17 September 2018 by Rob Ford

In the early 1990s, Marvel comics introduced a world 100 years in the future with new stories for its popular heroes and villains. Doctor Doom’s story was called “The Doom of Tomorrow”.

The tomorrow I want to imagine is not 100 years away, but the years potentially just ahead of us. That is according to our very own Doctor Doom, Mark Carney, the governor of the Bank of England, following his worst case scenario predictions of Armageddon for the UK economy, the value of the pound and the housing market in the event of a hard Brexit.

It’s quite right of course that the BoE should consider what the most highly stressed scenarios might look like if the Brexit outcome becomes a full-blown disaster. But it also makes sense to try to look at what the ramifications of those predictions might be.

On that basis, what better time to look back on than those same early 1990s, when the UK suffered a huge recession with unemployment over 10%, a housing market crash and significant volatility in the pound, including the infamous “Black Wednesday” currency crash in September 1992.

According to the seasonally-adjusted Nationwide House Price Index, at a national level house prices fell by 18.3% from a peak in Q2 1989 to a low in Q4 1992. Regionally, the picture was far more diverse – London and the Outer Metropolitan area fell 30% and the South East and East Anglia fell 35% (the amount Mr Carney predicted for a post-Brexit Doomsday), while house prices in Scotland actually went up! And let’s not forget – base rates during this time reached a high of 15%, a level unthinkable in today’s ultra low interest rate environment.  Whilst lending multiples were lower then than they are today, arguably homeowners were as stressed if not more so than they are today.

So what happened?

Well of course there were foreclosures – according to UK Finance, in the five years covering 1989 to 1993 there were 262,400 of them! But this represents a total just 2.68% of the nine million or so mortgages outstanding at the time, an annualized rate of 0.54%. Even if we assumed that all these mortgages were 100% LTV loans (which of course they weren’t), and so had no homeowner’s equity cushion, and that they were all in areas that suffered the worst house price falls (and also Mr Carney’s prediction) of 35% then simplistic annualized losses would total just 35 basis points.

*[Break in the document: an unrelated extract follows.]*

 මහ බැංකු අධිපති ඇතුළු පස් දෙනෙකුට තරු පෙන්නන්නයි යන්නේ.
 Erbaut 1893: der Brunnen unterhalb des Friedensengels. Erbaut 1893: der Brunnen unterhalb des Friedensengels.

At the time, the UK RMBS market was still relatively nascent, but importantly no bondholders sustained any losses through that period. As with today, deals were structured with significant layers of protection for bondholders.  In fact, today’s deals should be much safer given the far higher levels of stress applied by the rating agencies and the regulators.

The rating agency models are highly complex and include a large number of inputs (including regional variations), but simplistically, foreclosure stresses at the AAA level are more than 20 times the annualized rates experienced in the 1990s combined with house price falls of 50% or more – far higher than even Mr Carney’s worst nightmares.

Even at the most junior end, significant protection is afforded to bondholders. All deals contain a Reserve Fund, usually 1.5%-2% – more than enough to absorb all the losses seen in the early 1990s – as well as the Excess Spread; essentially the originator’s profit margin after all the interest costs have been paid on the bonds as well as any losses on loans that do default.

In addition, as the senior parts of these deals pay down, the levels of protection afforded to the junior end become ever larger.

Of course, were Doctor Doom’s predictions to come true, it’s possible that some UK RMBS deals could lose some money – though with the exception of a handful of junior tranches exposed directly to Lehman Brothers for embedded swaps, none have ever done so – but with the levels of protection afforded them, which don’t forget grows over time, it’s a very remote possibility.